Space archaeologists are charting humanity’s furthest frontier

Life aboard the ISS —

An innovative research project delivers new evidence about how people live on the ISS.


Astronaut Kayla Barron snaps photos inside an ISS module.

Enlarge / Astronaut Kayla Barron snaps photos inside an ISS module.

NASA

Archaeologists have probed the cultures of people all over the Earth—so why not study a unique community that’s out of this world? One team is creating a first-of-its-kind archaeological record of life aboard the International Space Station.

The new project, called the Sampling Quadrangle Assemblages Research Experiment, or SQuARE, involves hundreds of photos taken by astronauts throughout the living and work spaces of the ISS. People have continuously occupied the space station for decades, and the launch of its initial modules in the late 1990s coincided with the rise of digital photography. That meant that astronauts were no longer limited by film canisters when documenting life in space, and that space archaeologists—yes, that’s a thing—no longer had to merely speculate about it from afar.

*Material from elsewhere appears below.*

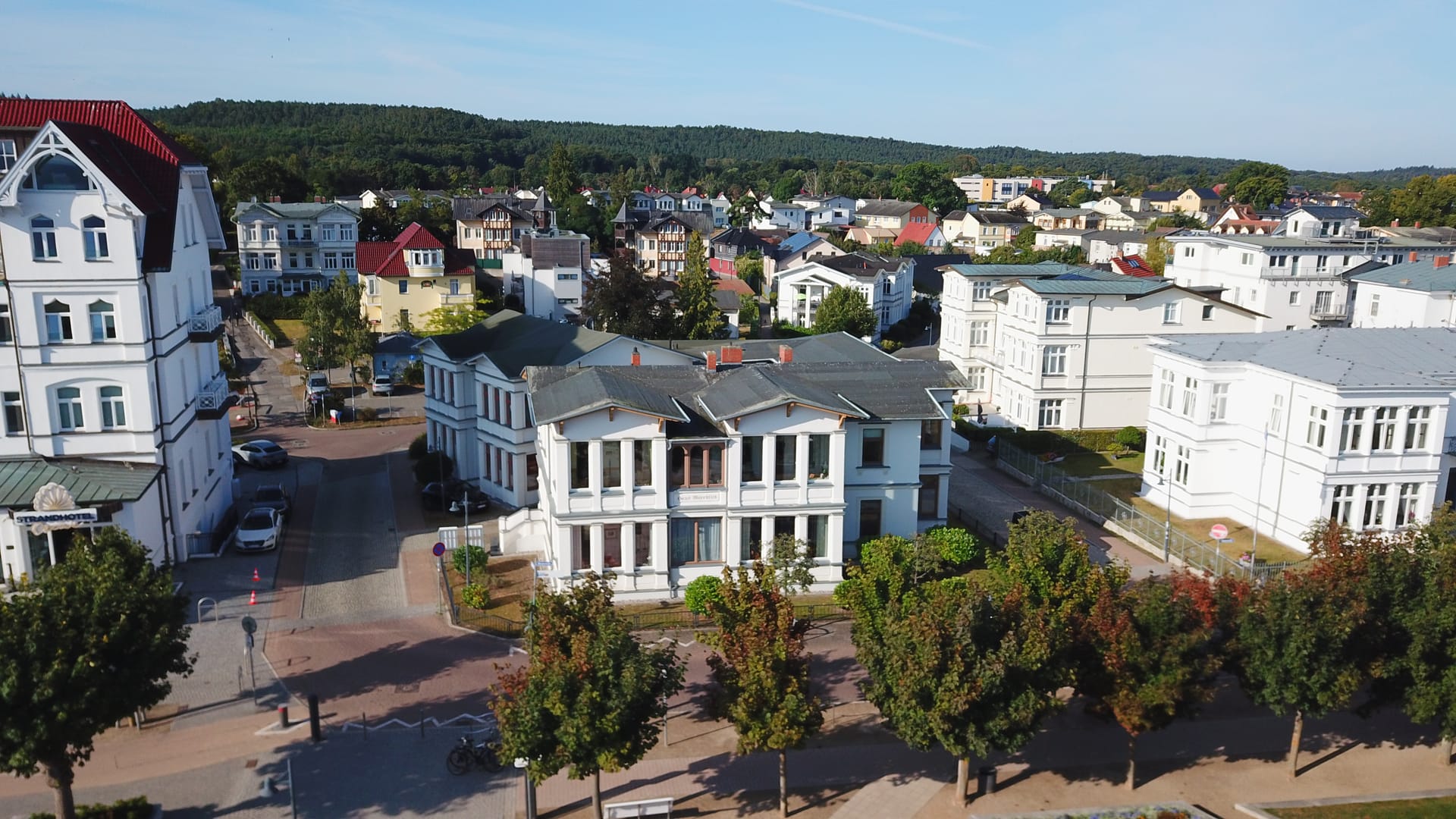 Haus Meerblick hinter der Baumreihe der Promenade von Ahlbeck, dahinter Villen und Küstenwald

But this is the first time archeologists have coordinated that photography so they could analyze it. The SQuARE photos, shot over 60 days last year, show everything from anti-gravity hacks to food treats enjoyed by astronauts. Justin Walsh, an archaeologist at Chapman University and the University of Southern California in Los Angeles, thinks that images like these are tremendously useful for social science researchers who want to know how people use the limited tools and material comforts available to them in space. “If we could just capture the information into a database—get the people, places and objects that are in the photos—then we could actually start to trace out the patterns of behavior there and the associations between people and things,” says Walsh, who presented the team’s preliminary findings yesterday afternoon at the Society for American Archaeology conference in Portland, Oregon.

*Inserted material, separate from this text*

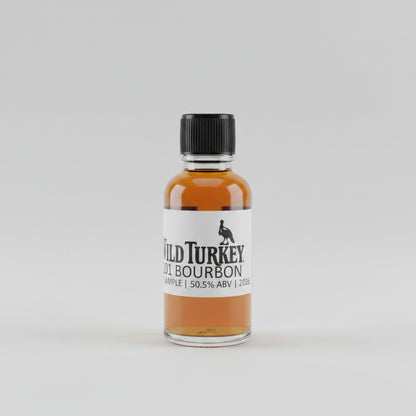 Small bottle of Wild Turkey bourbon on a bar counter with a blurred bar background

Walsh co-leads SQuARE with Alice Gorman, an archaeologist at Flinders University in Australia. The main thing she wants to learn, she says, is, “What are the social consequences of a small isolated society so separated from Earth? What kinds of human behavior do you have, if you strip away something as fundamental as gravity?”

Contemporary archaeology involves inferring people’s social world from the physical objects and built spaces they use, which offer insights into people’s daily lives that they might not even be aware of. Scientists consider archaeology to be closely related to, or even part of, anthropology—but anthropological methods rely more on observing and interviewing. Interviews only reveal part of the story, however. Psychologists have known for decades that people are poor judges of their own behavior. Memory can be biased, and eyewitness accounts can be inaccurate.

“We’re interested in stuff people don’t remember, or even register, when they’re describing what they do in their life,” Gorman says. “Our approach is that you can see what people actually did, not just what they said they did. That’s what the archaeological record tells us.”

The ISS record includes tools, research equipment, food pouches, cleaning supplies, and other everyday objects. The team captured images of them—a “vicarious excavation,” as Gorman puts it—by having NASA and European Space Agency astronauts take daily photos from January 21 to March 21, 2022. Astronauts Kayla Barron, Matthias Maurer, and others snapped photos in six locations, including at the galley table, on a starboard workstation, on the port side of the US laboratory module, and on the wall across from a latrine. Each photo captured an area of approximately 1 square meter marked by adhesive tape at the corners—hence the SQuARE moniker—and crew members took photos with a color calibration chart for correcting digital imagery and a ruler for scale. After amassing 358 photos, the archeology team has been combing through them, marking objects that show signs of their use, as well as ones that are in the same place in every photo, a sign they’re hardly used at all.